Courtesy of Adrianne D'Angelo Jumbo's days, sadly, are numbered.
Bobby Flam, who took over the restaurant from his father, Isadore, in 1966, has sold the 24-hour fried chicken, shrimp, and conch joint to a developer who plans to build affordable housing on the corner of NW Seventh Avenue and NW 75th Street.
The iconic seafoam-green restaurant might remain open for a few months while the developer sorts out permits, Flam said. His days, however, are numbered as he looks to spend more time with his three children, eight grandchildren, and other family members, including his son-in-law -- author and television host Brad Meltzer.
Flam, along with his family, moved from Gibsonia, Pennsylvania -- "the sticks" as he called it -- to Miami in 1955. His parents, aunt, and uncle bought a small diner called Jumbo Franks in a then-predominantly white neighborhood. They tore it down in 1957 to make way for the building that stands there today, where celebrities have torn into sputtering hot chicken wings, where music videos have been shot, and where the James Beard Foundation handed off the award for an American Classic in 2008.
"I worked at the restaurant since July 1, 1955, the first day we moved to Florida," Flam said. "My first job was answering the phone and taking the take-out orders."

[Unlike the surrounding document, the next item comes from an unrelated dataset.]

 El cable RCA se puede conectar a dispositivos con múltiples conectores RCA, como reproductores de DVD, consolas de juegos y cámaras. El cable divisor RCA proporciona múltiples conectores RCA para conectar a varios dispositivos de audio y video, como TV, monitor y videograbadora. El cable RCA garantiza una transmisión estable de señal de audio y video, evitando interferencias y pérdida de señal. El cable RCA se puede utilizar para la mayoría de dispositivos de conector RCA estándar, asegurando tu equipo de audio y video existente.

He desegregated the restaurant in 1968, causing a significant dip in business for a worthwhile cause. African-Americans no longer had to use the rear entrance next to the dumpster or dine in a separate space. When he hired three black employees -- the first restaurant in white Miami to do so -- nearly 30 white employees quit in the following weeks.
"The people who liked integration kept coming, and the people who didn't stopped," he said.